● WHAT YOU NEED TO DO: In the material below, find the line containing "Miniatura 4 de" and the line containing "KOBE LETTUCE（コウベレタス）の「[ ぬく盛り", then reproduce exactly both of them and every line between, and nothing else.
#### RECORDS PROVIDED ####
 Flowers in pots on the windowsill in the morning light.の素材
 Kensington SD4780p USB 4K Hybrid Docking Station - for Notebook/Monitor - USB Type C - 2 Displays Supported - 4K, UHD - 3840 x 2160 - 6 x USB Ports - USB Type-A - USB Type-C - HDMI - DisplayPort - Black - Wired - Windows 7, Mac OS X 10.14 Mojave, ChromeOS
####
#### RECORDS PROVIDED ####
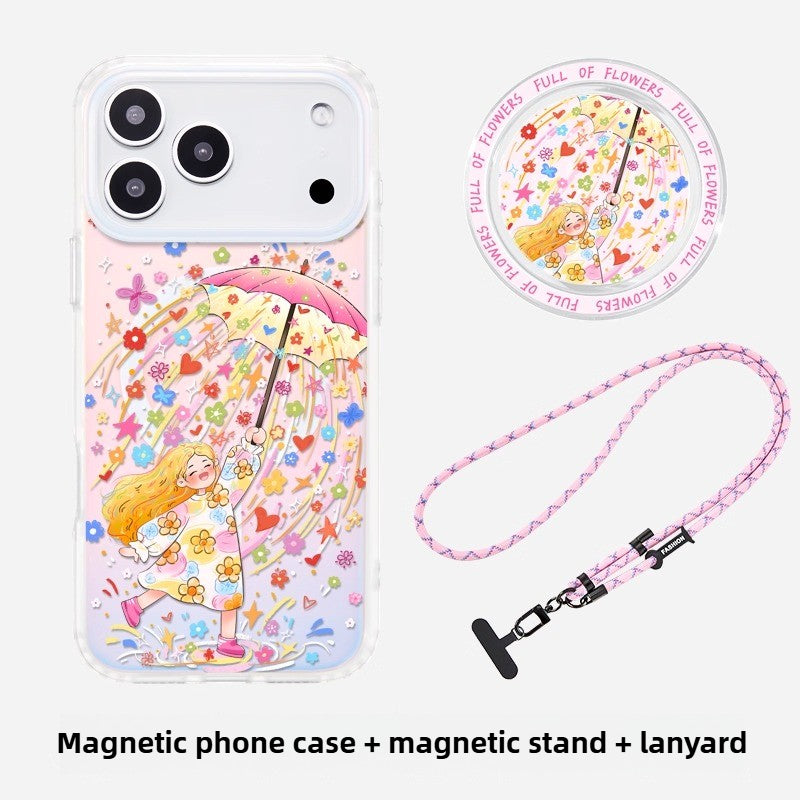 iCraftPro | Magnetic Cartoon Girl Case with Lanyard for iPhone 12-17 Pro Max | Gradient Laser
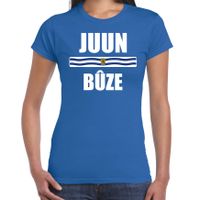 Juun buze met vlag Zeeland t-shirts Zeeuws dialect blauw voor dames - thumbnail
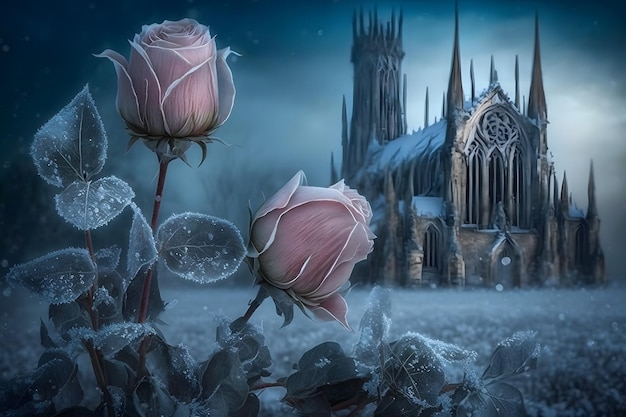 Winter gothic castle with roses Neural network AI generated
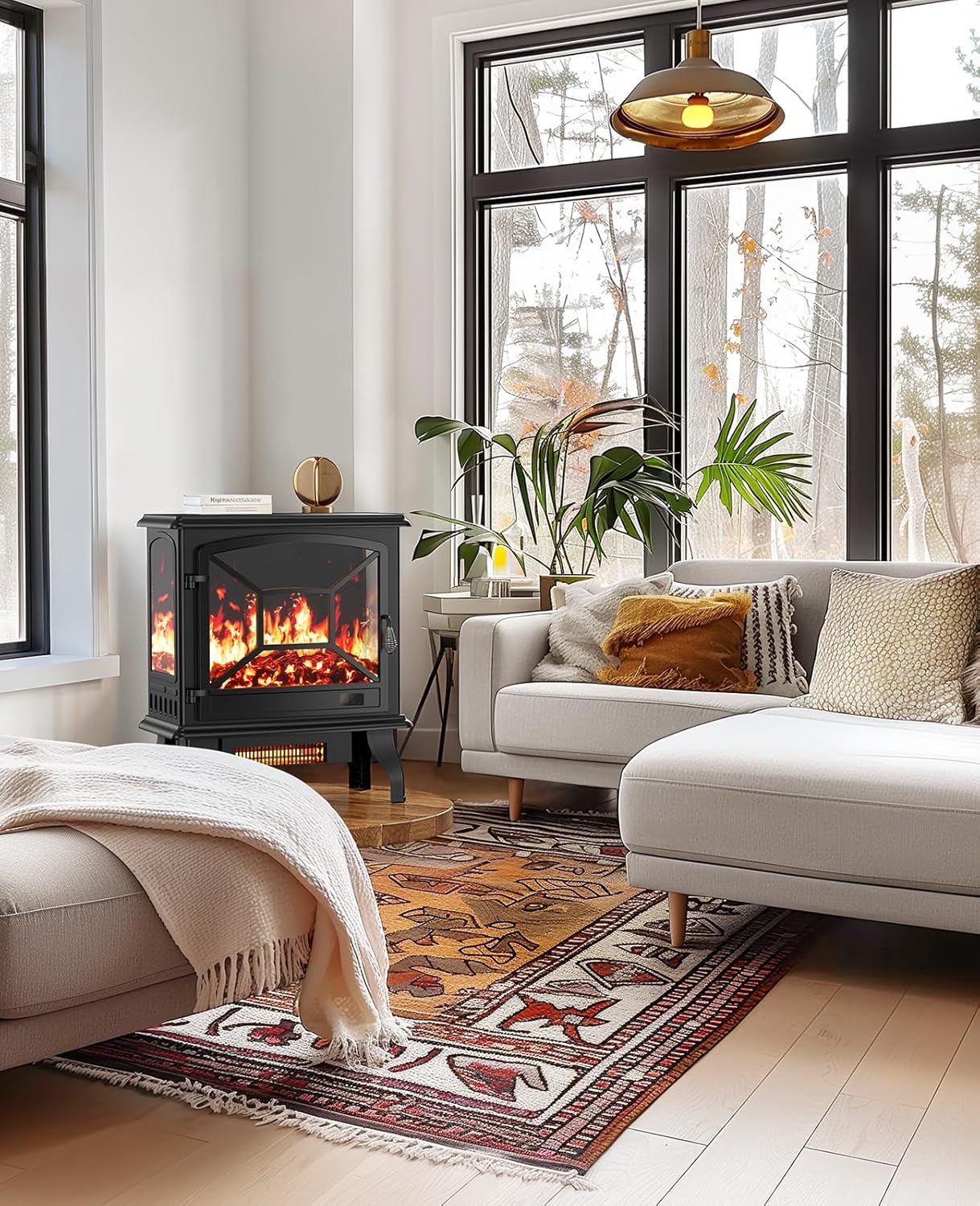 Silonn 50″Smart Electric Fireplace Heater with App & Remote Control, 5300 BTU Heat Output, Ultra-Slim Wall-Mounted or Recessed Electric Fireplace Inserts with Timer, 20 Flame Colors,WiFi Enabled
####
#### RECORDS PROVIDED ####
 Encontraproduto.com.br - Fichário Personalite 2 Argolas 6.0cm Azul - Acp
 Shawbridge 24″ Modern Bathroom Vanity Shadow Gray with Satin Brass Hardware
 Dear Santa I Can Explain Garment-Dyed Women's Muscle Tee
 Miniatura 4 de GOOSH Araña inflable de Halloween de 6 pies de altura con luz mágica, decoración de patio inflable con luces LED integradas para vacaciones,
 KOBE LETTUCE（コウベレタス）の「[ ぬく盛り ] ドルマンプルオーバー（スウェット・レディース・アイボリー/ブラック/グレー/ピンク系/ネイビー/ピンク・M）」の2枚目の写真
####
● REPLY:
 Miniatura 4 de GOOSH Araña inflable de Halloween de 6 pies de altura con luz mágica, decoración de patio inflable con luces LED integradas para vacaciones,
 KOBE LETTUCE（コウベレタス）の「[ ぬく盛り ] ドルマンプルオーバー（スウェット・レディース・アイボリー/ブラック/グレー/ピンク系/ネイビー/ピンク・M）」の2枚目の写真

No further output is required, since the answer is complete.